EXERCISE OBJECTIVE - In the records below, find the line with "3 BR in Chicago" and repeat it and every line after it, exactly, without any pictures.

☆ ☆ ☆ ☆

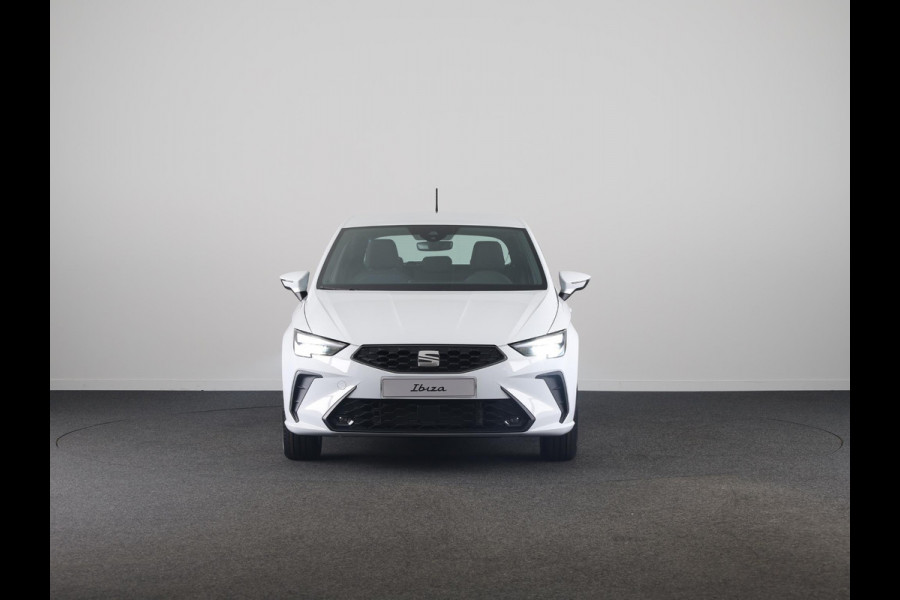 Seat Ibiza 1.0 EcoTSI 95 pk Style | Glacial White Metallic | Apple Carplay | Park Assist | Cruise Control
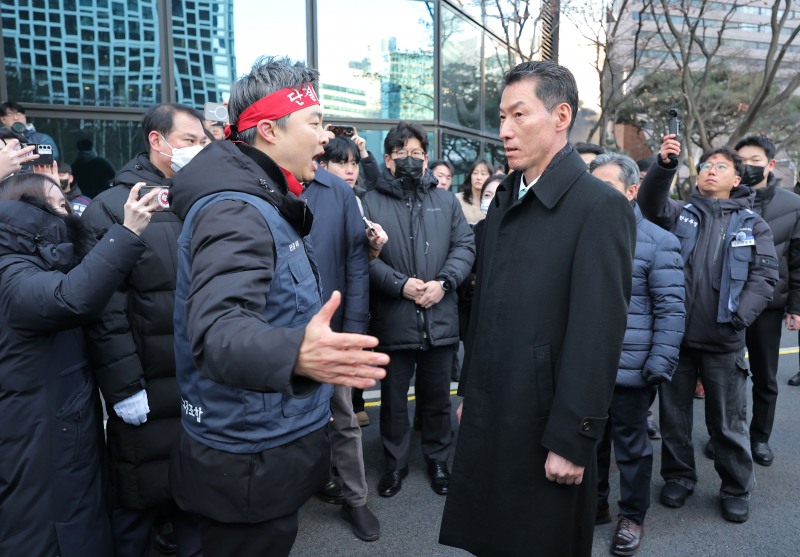 23일 서울 중구 IBK기업은행 본점에서 기업은행 노조원들이 새로 선임된 장민영 기업은행장의 출근을 저지하고 있다./연합뉴스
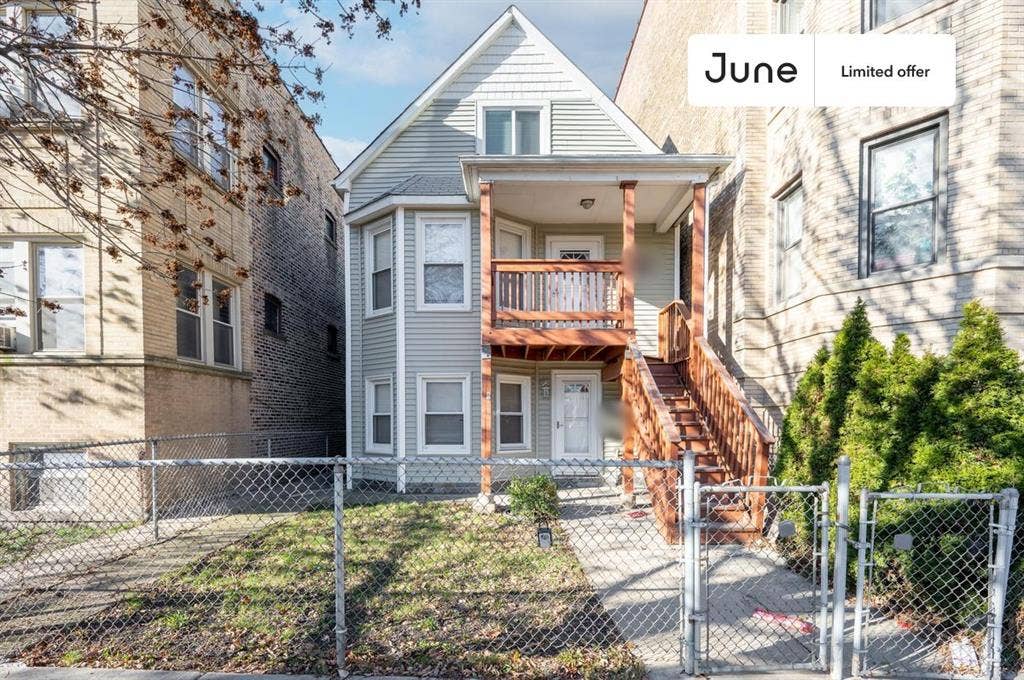 3 BR in Chicago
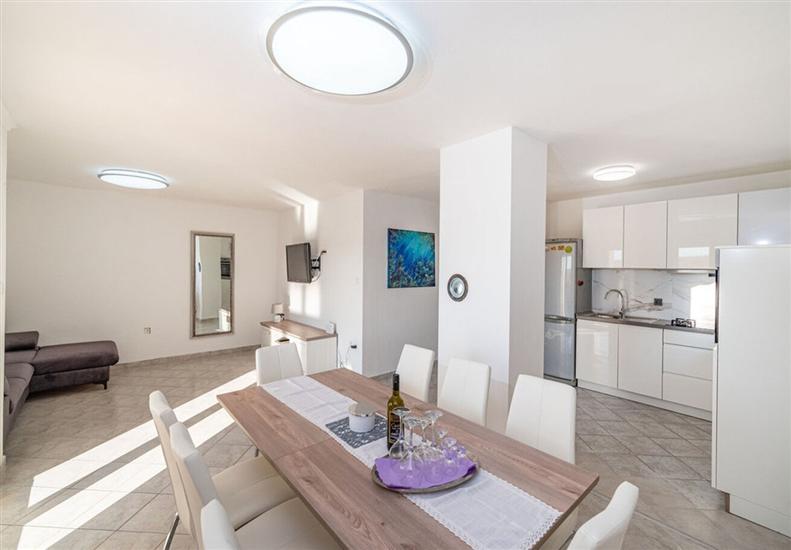 House K1, for 10 persons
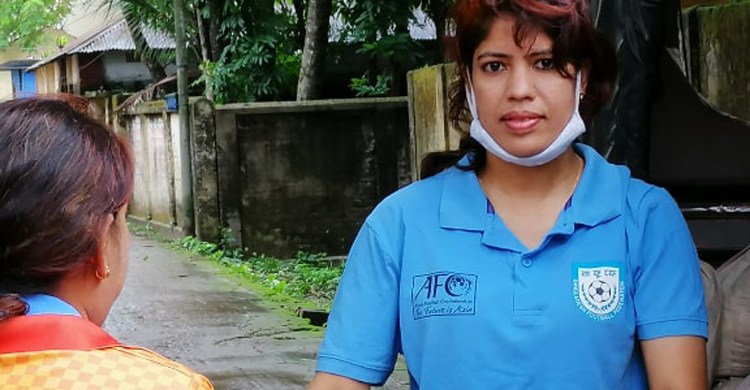 দুস্থ নারী ফুটবলারদের ঈদ উপহার দিচ্ছেন সাবেকরা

☆ ☆ ☆ ☆

ANSWER TO THIS TASK -
 3 BR in Chicago
 House K1, for 10 persons
 দুস্থ নারী ফুটবলারদের ঈদ উপহার দিচ্ছেন সাবেকরা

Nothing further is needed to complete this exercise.